De facto, este processo eleitoral foi
particularmente elucidativo. Desde logo na apresentação de candidaturas que
envolveu o aparecimento de uns troca-tintas que torturaram uma lei até conseguirem,
com o aval do tribunal Constitucional, a cobertura para uma despudorada e
vergonhosa dança de cadeiras. As figuras paradigmáticas deste despudor,
Fernando Seara e Luís Filipe Menezes sofreram, as projecções assim sugerem, estrondosas
derrotas. Uma nota ainda para a derrota de Moita Flores um exemplo notável de "pára-quedista" atrás do poder.
Disse-se que nestas eleições subiram exponencialmente
as candidaturas fora dos aparelhos partidários, independentes, mas na verdade o
que se verificou em muitas situações é que se tratou da situação de pessoas com
filiação partidária que por incidentes da partidocracia não foram escolhidos
pelos respectivos partidos e apresentaram-se como "independentes" mas
que apenas nisso se tornaram por guerras ou interesses pessoais e partidários.
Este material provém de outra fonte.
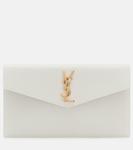 Кожаный клатч Uptown Saint Laurent, белый - фото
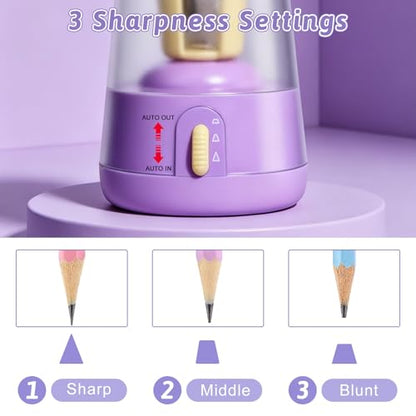 Rechargeable Electric Pencil Sharpener, 6-12mm Auto in & Out Fully Automatic Pencil Sharpener for Kids, Large Capacity Battery Powered, with Cartoon Stickers Ideal for Classroom & Home (Yellow-purple) - color: Yellow-purple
Nesta matéria, os independentes, parece também
muito significativa a vitória de Rui Moreira no Porto, que sem filiação e sem o
apoio dos partidos do "costume", PS ou PSD, venceu de forma muito
clara as autárquicas neste concelho.
Os resultados também sugerem a continuidade no
aumento da abstenção que traduz um desinteresse pela participação cívica
elucidativa sobre a saúde da democracia e os efeitos da partidocracia
instalada.
Sem surpresa, dados os tempos que atravessamos
parece verificar-se um abaixamento na votação global dos partidos da coligação
no poder. Não precisam de nos dizer que os resultados de eleições autárquicas
não devem ser alvo de interpretações ou leituras nacionais, conversa sem
sentido. Como é evidente, os votos expressos traduzidos na subida do PS e descida acentuada do PSD e a abstenção crescente merecem,
exigem, uma análise global do seu significado e implicações, ainda como exemplos temos os resultados da CDU e do jardinismo, perdão, do PSD, na Madeira.
Uma nota ainda para a forma completamente atípica
como se verificou a cobertura televisiva desta campanha, não pelo que perdemos
em função do que foi sendo conhecido de comportamentos e discursos dos
candidatos, mas pelo modelo e pela sua adequação em termos de informação, ética
e democracia.
Creio que este conjunto de notas pode ajudar a
perceber como os resultados que se indiciam nestas eleições e a própria
campanha exigem uma reflexão profunda que deveria começar formalmente no dia
seguinte, dedicado, esse sim à reflexão.
Esta reflexão deveria necessariamente considerar,
entre muito outros aspectos, se o modelo actual de organização da actividade
política, alimentador da partidocracia instalada e inibidor da participação
cívica fora dos aparelhos partidários, é o que melhor se adequa à construção de
sociedades modernas, abertas, participativas e preocupadas com a vida
colectiva.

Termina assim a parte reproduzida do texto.